*** Block opens ***

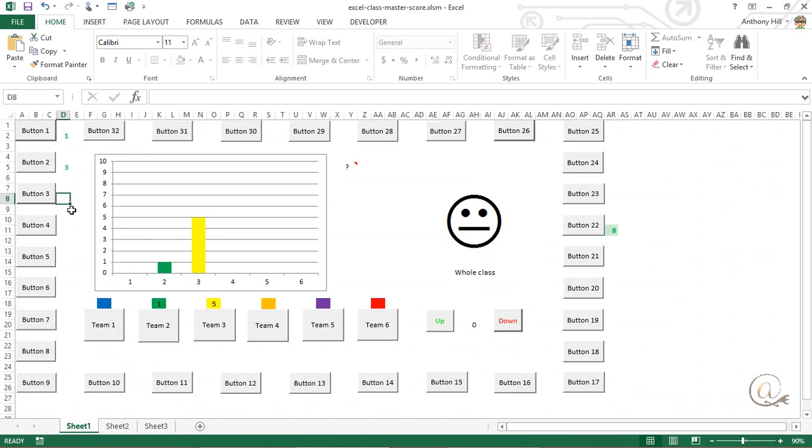So, this just requires a little bit of customization. You need to go back in and change the button one to a student name, if that's what you're wanting to do. So, quite simple ways of using Excel as a way of recording the score in a class.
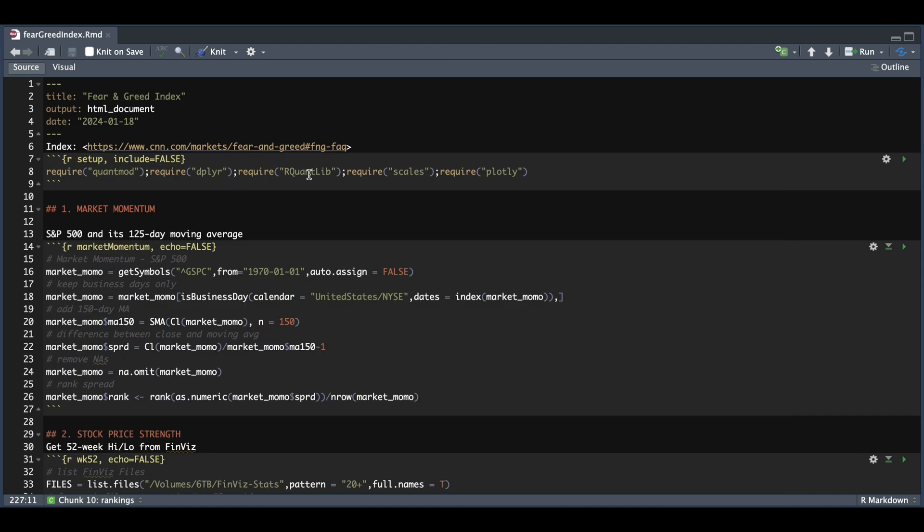Here are some of the packages we're going to require. We're going to start by getting the data for the S&P 500. We're going to clean the data to make sure we only get business days, and we're going to add the 150-day moving average. We're going to take the percentage difference between the close and the moving average, remove any NAs, and we're going to go ahead and rank that percentage difference.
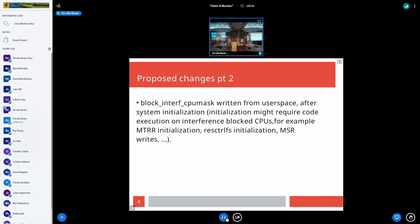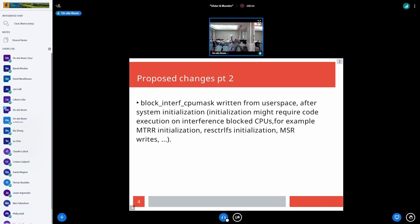Regarding the earlier claim that user space just shouldn't do this — while we all might like user space to be perfect, bugs do happen, and it's nicer to see an error message than to have latency spikes show up that are hard to debug. Isolation parameters are also easier to audit than the entirety of your code base.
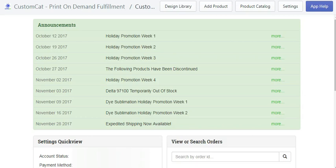Hey, how's it going everyone? Matthew here once again with another video. Today I will be showing you one of the print on demand apps that I use: Custom Cat. There are pros and cons to every print on demand company, and there are hundreds of articles online where you can evaluate which one fits your needs based off of cost, quality, customer service, and product selection.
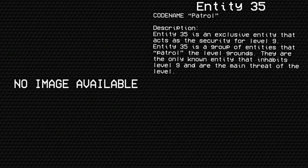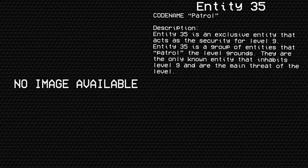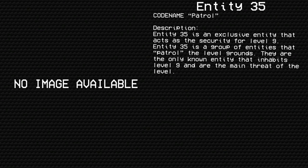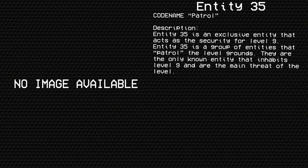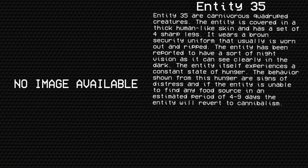Entity 35, codename Patrol. Entity 35 is an exclusive entity that acts as the security for level 9. Entity 35 is a group of entities that patrol the level grounds. They are the only known entity that inhabits level 9 and are the main threat of the level.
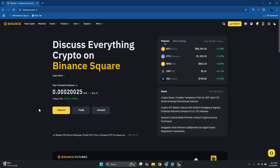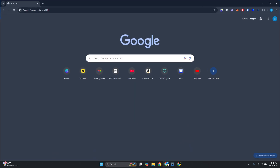What's up guys, welcome back to another video. In this video I will show you how to transfer or send crypto from Atomic Wallet to Binance. If you're wondering how to exactly do so, this is going to be fairly easy.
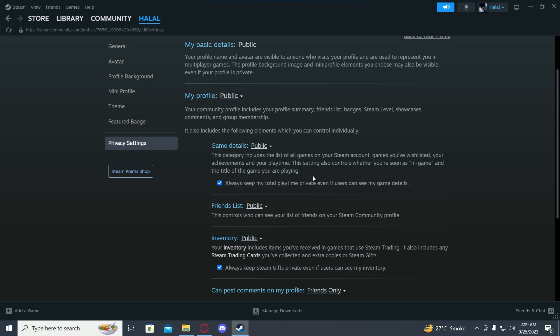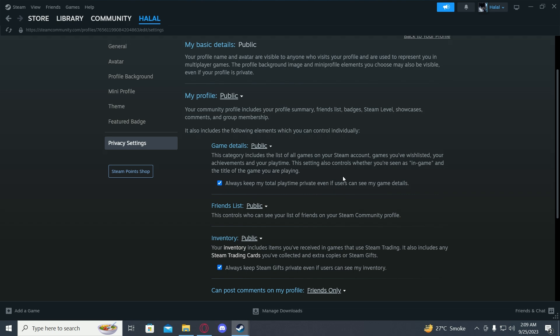If you want to hide your games as well, you just have to click on this option and click on private. This will hide your games as well.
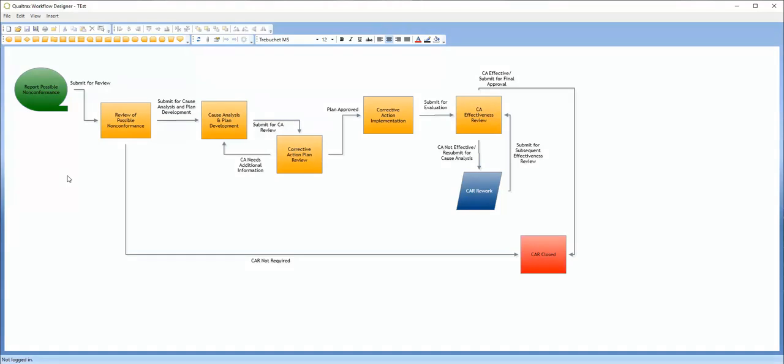The next step will be the same, whether you just created your diagram or opened an existing one. To attach this diagram, click on the paperclip at the top of your screen.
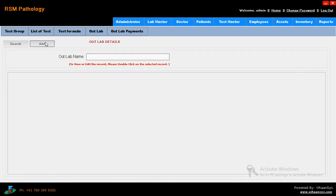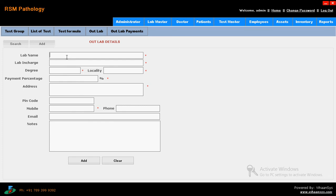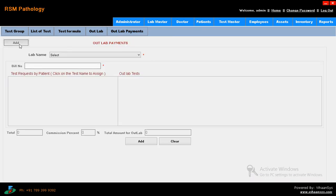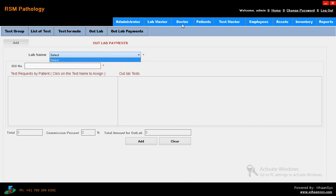Then out lab. If you don't have the capability to make the testing, at that time you just go for out lab. You have to enter the lab name, lab in-charge, degree, and other details, payment percentage, address and everything - you just enter here. Then coming to out lab payment. For out lab you have to pay something - you have to pay the payment for that. Just go for add and enter the lab name, bill number, total amount, just click on add, and the bill will generate. This is called lab master.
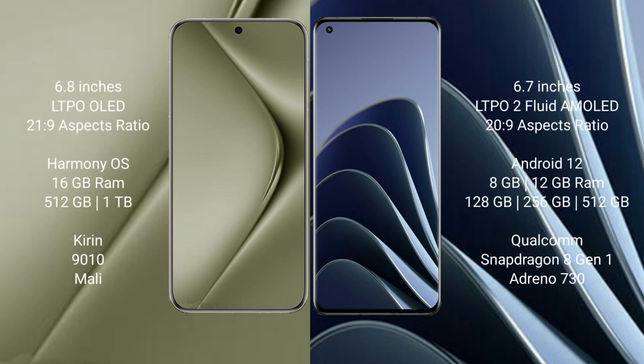Huawei Pura 70 Ultra comes with a 6.8-inch LTPO OLED display and 21:9 aspect ratio. OnePlus 10 Pro comes with a 6.7-inch LTPO 2 Fluid AMOLED display and 20:9 aspect ratio.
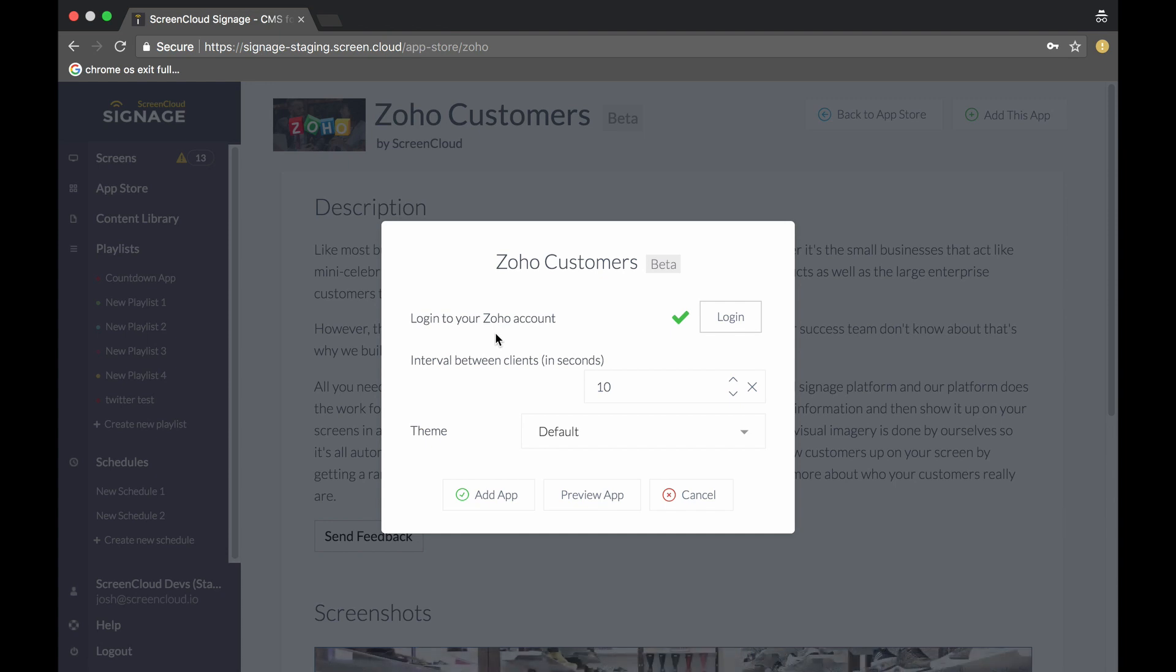Then the next step is to add an interval. This will be the time that it transitions on the screen. At the moment, we default to 10 seconds. I'm going to keep it at that.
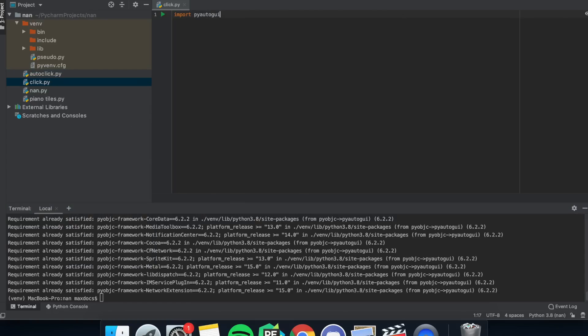The time module is so that it doesn't start clicking right away. Then put time.sleep and in the brackets put however much time you want it to wait before clicking.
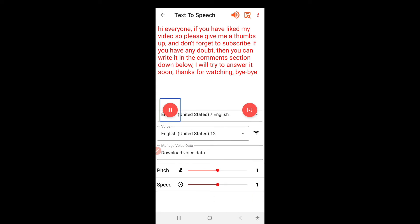The audio plays: 'Hi everyone, if you have liked my video, so please give me a thumbs up and don't forget to subscribe. If you have any doubt, then you can write it in the comments section down below. I will try to answer it soon. Thanks for watching, bye bye.' So this was a very cool voice — a Google voice actually. As you saw, the text played properly.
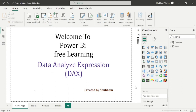Hello everyone, welcome back to our Power BI channel. Here we are covering DAX functions in this series. In the previous tutorial, we covered some time intelligence DAX functions, and now in today's class we will also learn more about time intelligence DAX functions.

*** Block closes ***

**ASSIGNMENT**
Down to the final line, restate the material above word for word, but omit its pictures.

**COMPLETED EXERCISE**
So, this just requires a little bit of customization. You need to go back in and change the button one to a student name, if that's what you're wanting to do. So, quite simple ways of using Excel as a way of recording the score in a class.
Here are some of the packages we're going to require. We're going to start by getting the data for the S&P 500. We're going to clean the data to make sure we only get business days, and we're going to add the 150-day moving average. We're going to take the percentage difference between the close and the moving average, remove any NAs, and we're going to go ahead and rank that percentage difference.
Regarding the earlier claim that user space just shouldn't do this — while we all might like user space to be perfect, bugs do happen, and it's nicer to see an error message than to have latency spikes show up that are hard to debug. Isolation parameters are also easier to audit than the entirety of your code base.
Hey, how's it going everyone? Matthew here once again with another video. Today I will be showing you one of the print on demand apps that I use: Custom Cat. There are pros and cons to every print on demand company, and there are hundreds of articles online where you can evaluate which one fits your needs based off of cost, quality, customer service, and product selection.
Entity 35, codename Patrol. Entity 35 is an exclusive entity that acts as the security for level 9. Entity 35 is a group of entities that patrol the level grounds. They are the only known entity that inhabits level 9 and are the main threat of the level.
What's up guys, welcome back to another video. In this video I will show you how to transfer or send crypto from Atomic Wallet to Binance. If you're wondering how to exactly do so, this is going to be fairly easy.
If you want to hide your games as well, you just have to click on this option and click on private. This will hide your games as well.
The next step will be the same, whether you just created your diagram or opened an existing one. To attach this diagram, click on the paperclip at the top of your screen.
Then out lab. If you don't have the capability to make the testing, at that time you just go for out lab. You have to enter the lab name, lab in-charge, degree, and other details, payment percentage, address and everything - you just enter here. Then coming to out lab payment. For out lab you have to pay something - you have to pay the payment for that. Just go for add and enter the lab name, bill number, total amount, just click on add, and the bill will generate. This is called lab master.
Huawei Pura 70 Ultra comes with a 6.8-inch LTPO OLED display and 21:9 aspect ratio. OnePlus 10 Pro comes with a 6.7-inch LTPO 2 Fluid AMOLED display and 20:9 aspect ratio.
Then the next step is to add an interval. This will be the time that it transitions on the screen. At the moment, we default to 10 seconds. I'm going to keep it at that.
The time module is so that it doesn't start clicking right away. Then put time.sleep and in the brackets put however much time you want it to wait before clicking.
The audio plays: 'Hi everyone, if you have liked my video, so please give me a thumbs up and don't forget to subscribe. If you have any doubt, then you can write it in the comments section down below. I will try to answer it soon. Thanks for watching, bye bye.' So this was a very cool voice — a Google voice actually. As you saw, the text played properly.
Hello everyone, welcome back to our Power BI channel. Here we are covering DAX functions in this series. In the previous tutorial, we covered some time intelligence DAX functions, and now in today's class we will also learn more about time intelligence DAX functions.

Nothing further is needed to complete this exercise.